This squishy light by German product designer Simon Frambach can be used as a warm, glowing pillow.

Soft Light by Simon Frambach

Simon Frambach‘s balloon-shaped Soft Lamp gives off a soft light and slight warmth, creating an illuminated cushion.

Soft Light by Simon Frambach

As well as providing a headrest, the lamp can be squeezed into gaps or trapped between objects where needed. It’s made from foamed polyurethane and shaped using rotation milling.

Soft Light by Simon Frambach

The low-energy bulb within is protected by a cage so it doesn’t smash when the lamp is squashed. A red cord leads out the back to a power source.
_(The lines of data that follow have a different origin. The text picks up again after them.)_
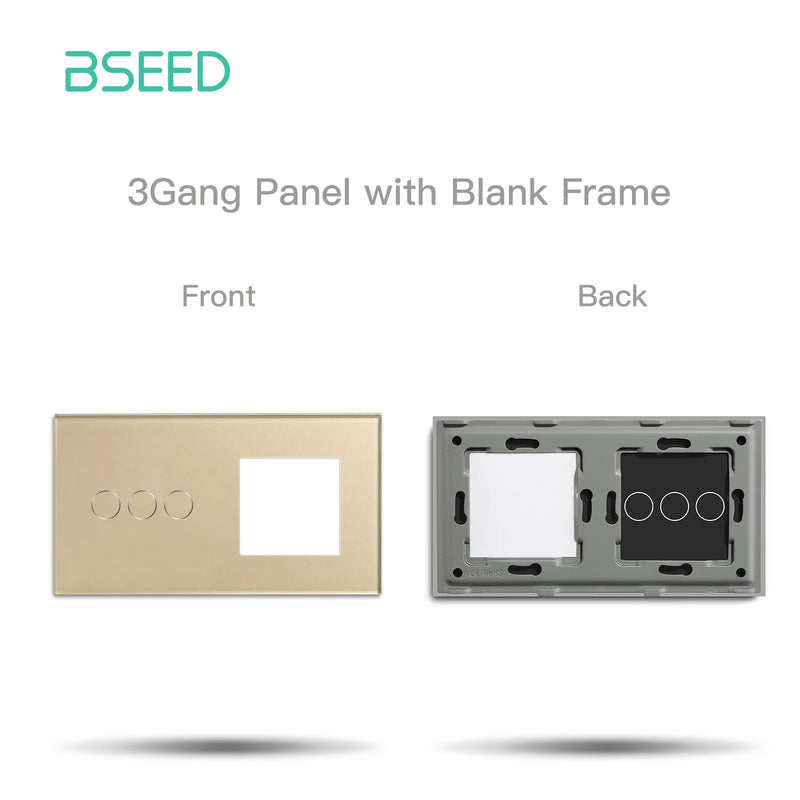 BSEED  EU Standard 1/2/3Gang Glass Panel Frame For Touch Switch Wall Sockets With Metal Frame White Black Golden 157mm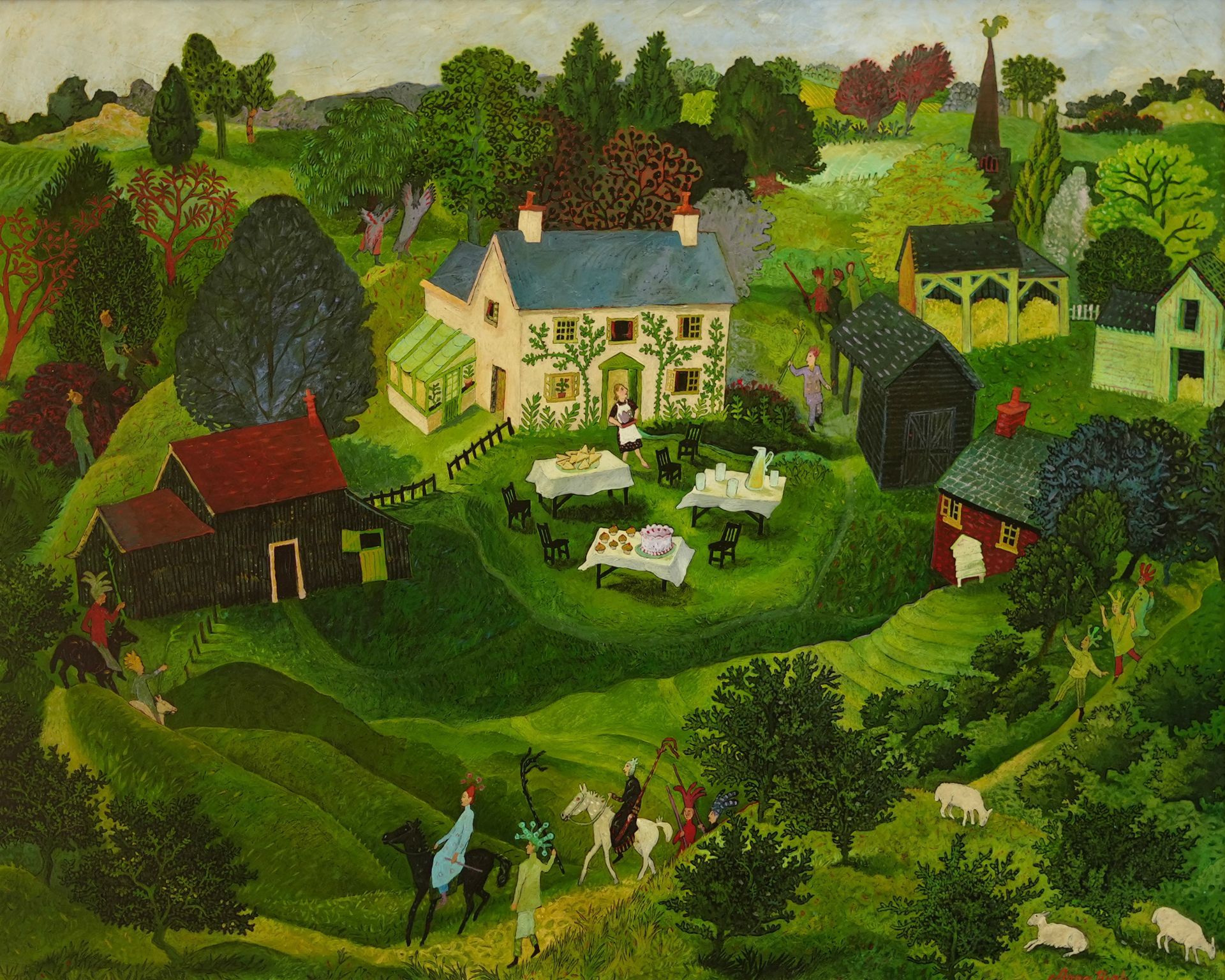 Colorful folk art scene: a white house with a party in the yard, surrounded by hills, trees, and figures.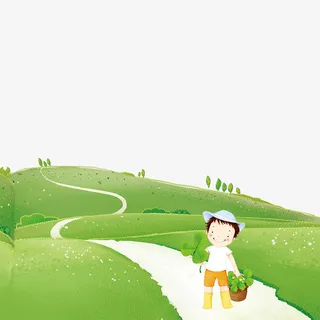 卡通绿色环境素材免抠手绘/卡通卡通元素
Soft Light by Simon Frambach

We’ve featured a few products designed for sleeping, including headgear that creates the perfect conditions for a nap and a wearable cocoon of quilts and blankets for people to take their bed wherever they go.

Our archive of lamp designs includes copper-spun pendant lamps with chunky handles and scaled-up versions of a classic light bulb.

See more lamp designs »
See more design for sleeping »

The designer sent us the following information:


Soft Light

A soft and flexible occasional light that interacts with its surroundings in a unique way by Simon Frambach.
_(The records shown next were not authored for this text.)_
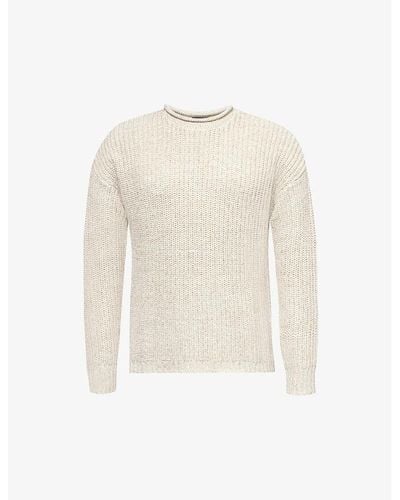 RRL Relaxed-fit Crewneck Cotton And Linen-bend Jumper - White
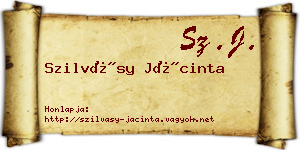 Szilvásy Jácinta névjegykártya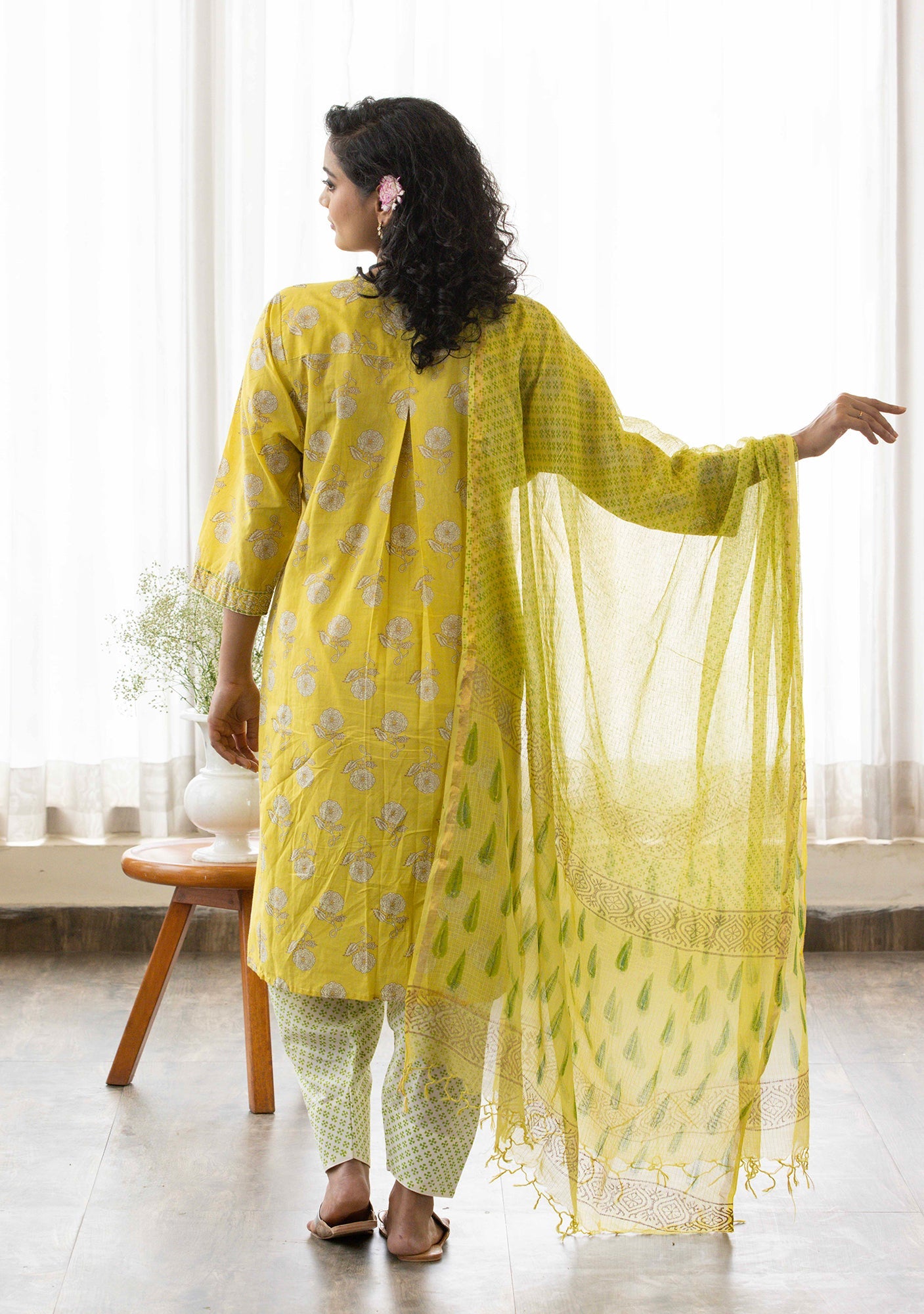 Yellow floral discharge print suit set (set of 3)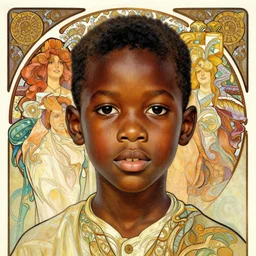 colourful upper half portrait of an african boy - art by aya takano & alphonse mucha, magazine collage, highly detailed, digital painting, illustration, smooth, sharp focus, intricate, clustered, busy, pinterest, behance,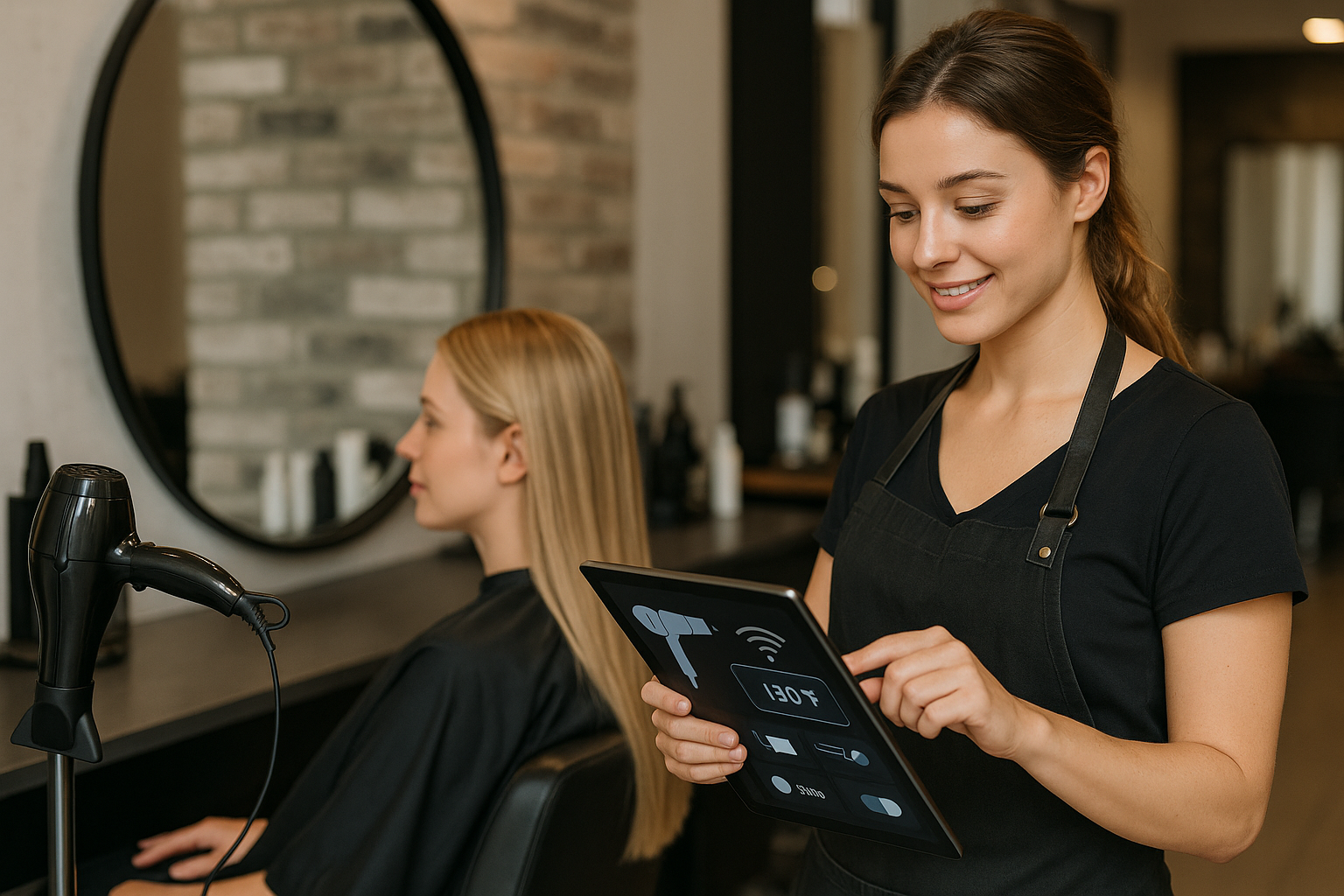 Um cabeleireiro de avental preto sorri enquanto usa um tablet. Ao fundo, uma cliente com longos cabelos loiros está sentada em uma cadeira de salão perto de um espelho e de um secador de cabelo. O ambiente do salão é moderno e arrumado.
Soft Light by Simon Frambach

Soft Light is a soft and flexible light made of foamed polyurethane. Its curvy fluent shape that resembles a calabash pumpkin provokes an organic and familiar appearance for a thoroughly synthetic and industrialised material.
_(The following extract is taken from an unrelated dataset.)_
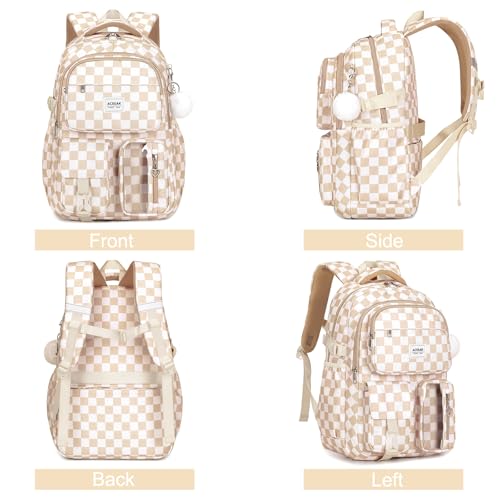 ACESAK Backpack for Girls - Girls Backpack with Lunch Bag & Pencil Pouch for Teen Kids Laptop Backpack for Women, Elementary Middle High School Bookbag Travel Daypack (Brown Checkered) - color: Brown Checkered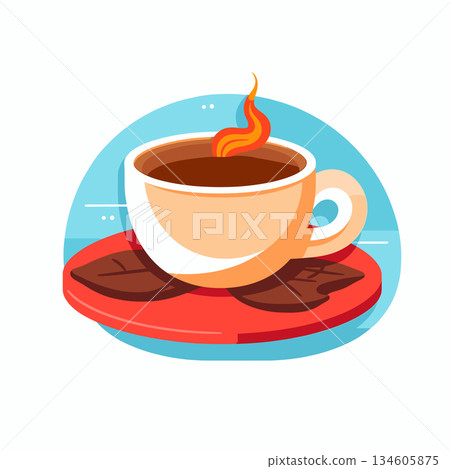 Steaming cup of coffee with chocolate leaves on a red saucer in the morning Steaming cup of coffee with chocolate leaves on a red saucer in the morning 134605875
Soft Light can be placed in unused spaces like cavities in furniture and other places as an object that fills a void in one’s living environment. Its warm and tangible surface invites to touching and literally feeling light. The result is a light which is extremely flexible in use without having a technical characteristic.

Soft Light by Simon Frambach

The light shade has been crafted from a massive block of polyurethane foam on a simple self-constructed device for rotational milling. The device allows for a precise production of a desired shape. An energy saving light bulb, protected by a cage, illuminates the porous foam from the inside.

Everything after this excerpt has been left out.